Dem Kunden was neues bieten

Als ich vor einem halben Jahrzehnt die einschlägigen Kongresse der MICE — Branche besuchte, hörte ich einige Leute davon sprechen, dass man eigentlich etwas gegen die schnöden und ewig langweiligen Podiumsdiskussionen unternehmen sollte, dass die Auswahl guter key note — speaker nicht leichter wird und die gute alte Reihen-Bestuhlung in Veranstaltungszentren nicht mehr en vogue sei.

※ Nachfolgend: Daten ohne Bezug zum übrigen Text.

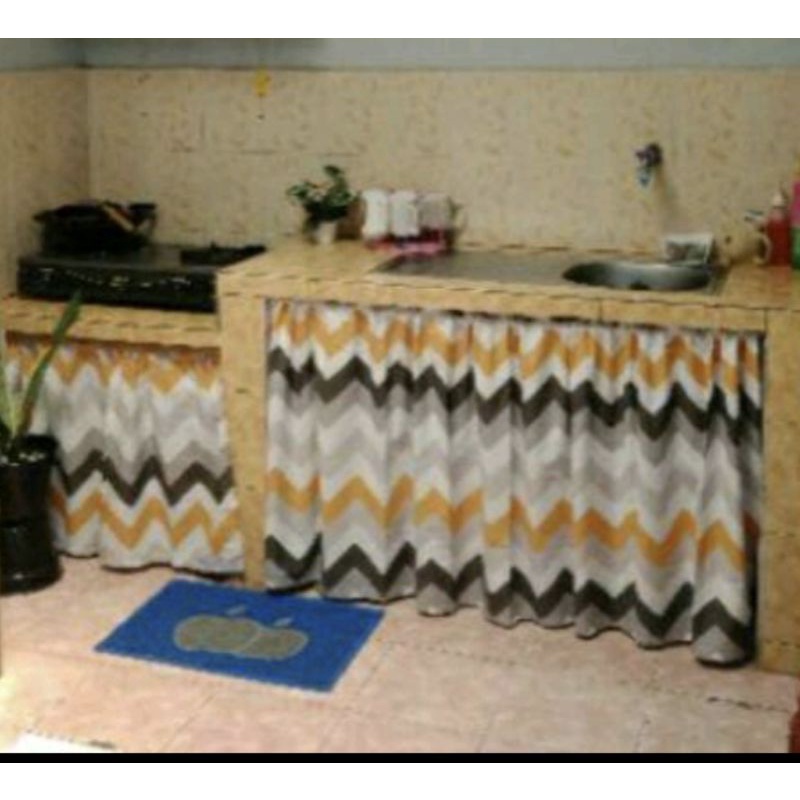 GORDEN KOLONG DAPUR MOTIF MINIMALIS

Dem Kunden mal was Neues bieten, war (und ist immer noch) der Slogan der Stunde. Und da kamen jene Jünger gerade recht, die von World Cafe, Open Space, Pecha Kucha oder meeting architecture berichteten. Ein Segen für diejenigen, die mit den Trends an der Oberfläche mit schwimmen möchten oder seitens der Geschäftsführung dazu verpflichtet werden. Ein Segen auch für diejenigen, die diese Trends erkannt haben und nunmehr mit einer Toolbox ausgestattet von Verband zu Verband, von Haus zu Haus, von PCO zu PCO ziehen, um den Wissbegierigen den “heiligen Gral” Open Space, Fish Bowl oder alternative Bestuhlungsmöglichkeit zu zeigen. Nun denn. So sei es.

Kratzen an der Oberfläche oder Tiefgang

Aber so ist es eben doch nicht, wenn man zukünftig als Veranstaltungszentrum mehr als nur Räume vermieten möchte, wenn man als PCO den Verbandspräsidenten von einer neuen inhaltlichen Gestaltung eines Kongresses überzeugen will oder als Event-Agentur bei den corporates die Innovationskraft der Veranstaltungen hoch halten möchte.

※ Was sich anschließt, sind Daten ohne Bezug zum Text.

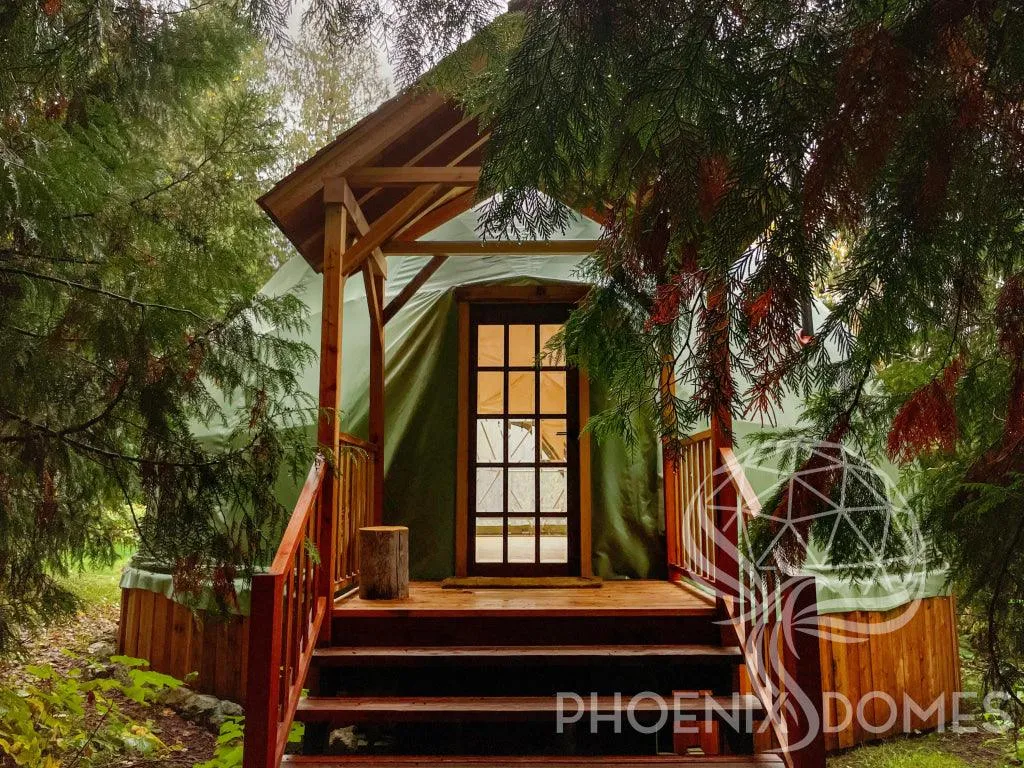 4-Season DELUXE Glamping & Yoga Package Dome - 33'/10m - Phoenix Domes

Wenn man verstehen möchte, worin denn der vielzitierte Wandel der Branche wirklich besteht. Wenn man erfahren möchte, in welcher Situation Interaktion gefragt ist und in welcher tunlichst zu unterlassen. Wenn es darum geht, eine Haltung zu einer neuen Kongresskultur zu erleben und dadurch zu verstehen und nicht nur Halt zu finden an Hand eines neuen Formats.

Denn dann darf nicht nur an der Oberfläche gekratzt werden, sondern man muss bereit dafür sein, tiefer in die Materie ein zu tauchen.

In der aktuellen Ausgabe der TW wird vom verbaende.com — Infotag Verband & Tagung berichtet. No “Death by Powerpoint” titelt der Report von Chefredakteurin Kerstin Wünsch. Darin finden die positiven Ansätze der Veranstaltung ebenso Platz wie auch kritische Anmerkungen einzelner Teilnehmer. Da ist die Rede von “Formate bei der Veranstaltung lieber aus probieren und nicht nur darüber sprechen” oder auch vom fehlenden innovativen Setting der Veranstaltung selbst. Da sind wir mitten drin in der Sache.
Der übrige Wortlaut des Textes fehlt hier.